* **Data**:
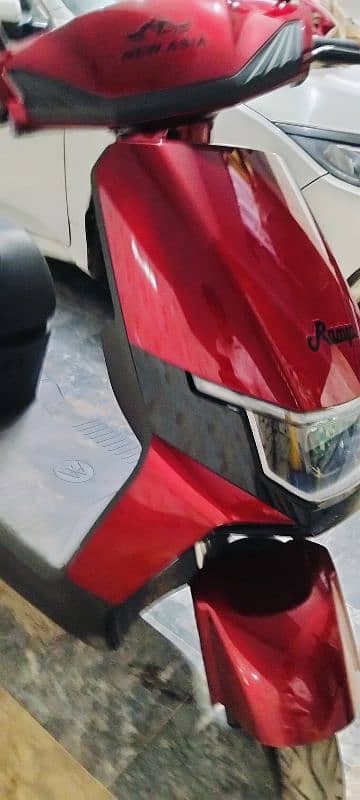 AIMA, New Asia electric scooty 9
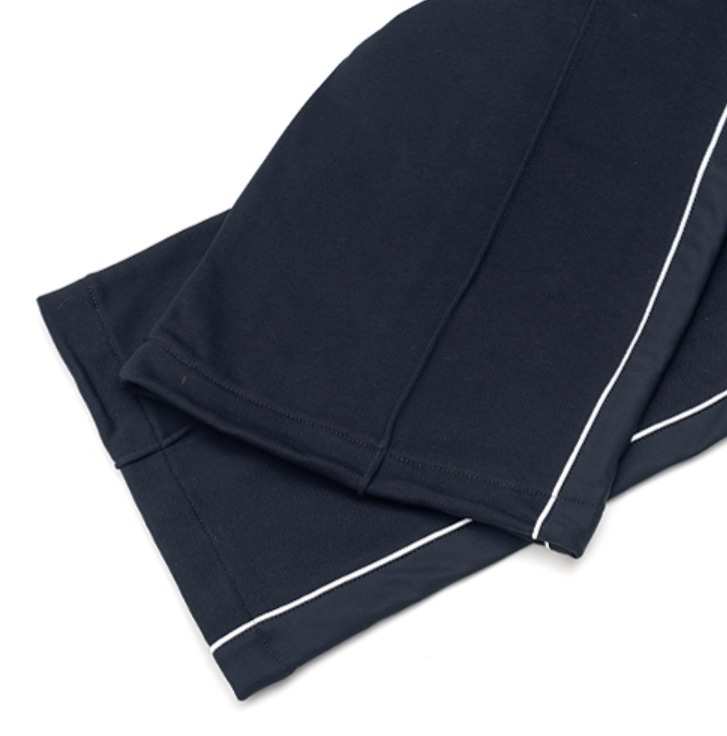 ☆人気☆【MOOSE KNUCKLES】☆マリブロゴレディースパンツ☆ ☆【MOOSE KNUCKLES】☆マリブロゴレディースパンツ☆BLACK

==

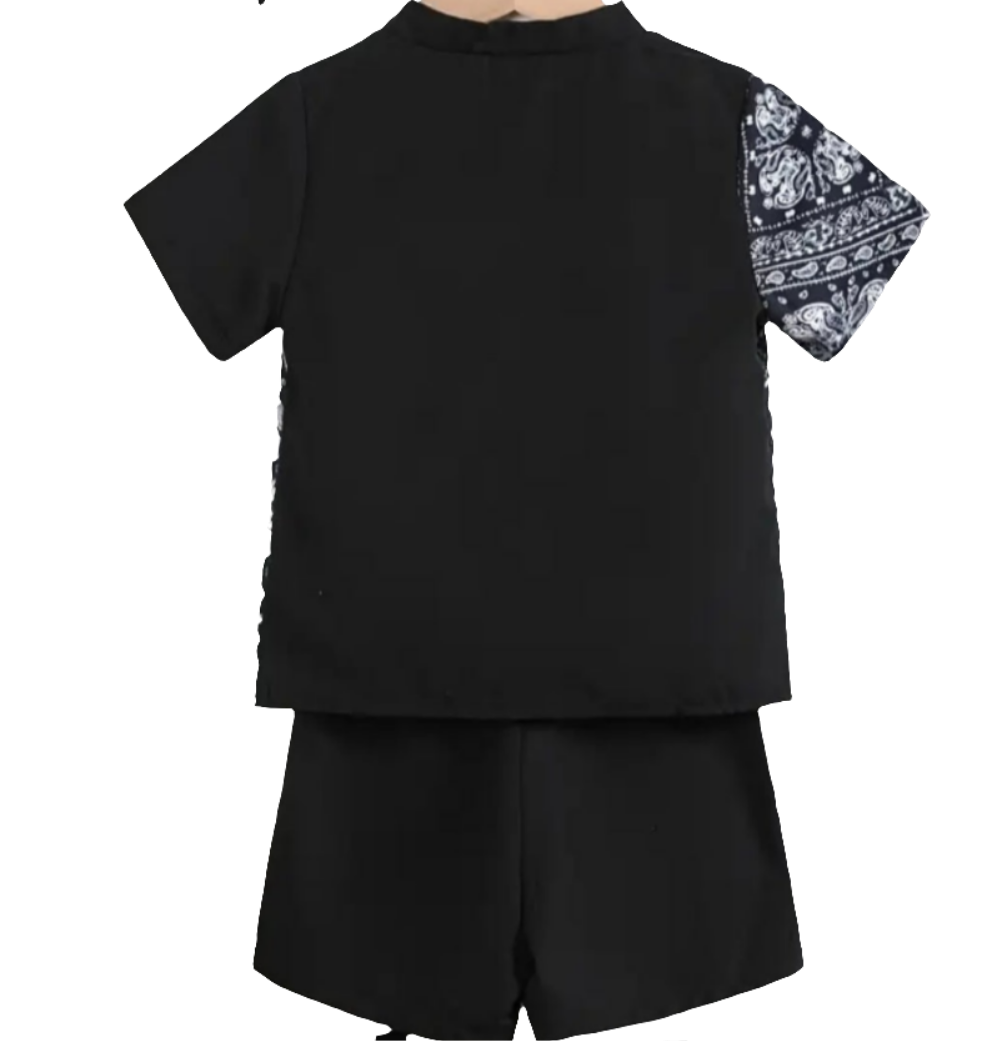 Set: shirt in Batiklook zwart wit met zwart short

* * *

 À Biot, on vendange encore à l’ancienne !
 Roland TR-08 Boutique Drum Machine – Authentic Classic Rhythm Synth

* **Task to complete**: Beginning with the line holding "AIMA, New Asia electric scooty 9" in the material above, restate word for word each line through the line holding "KNUCKLES】☆マリブロゴレディースパンツ☆ ☆【MOOSE KNUCKLES】☆マリブロゴレディースパンツ☆BLACK", and exclude pictures.

* **Result of the task**:
 AIMA, New Asia electric scooty 9
 ☆人気☆【MOOSE KNUCKLES】☆マリブロゴレディースパンツ☆ ☆【MOOSE KNUCKLES】☆マリブロゴレディースパンツ☆BLACK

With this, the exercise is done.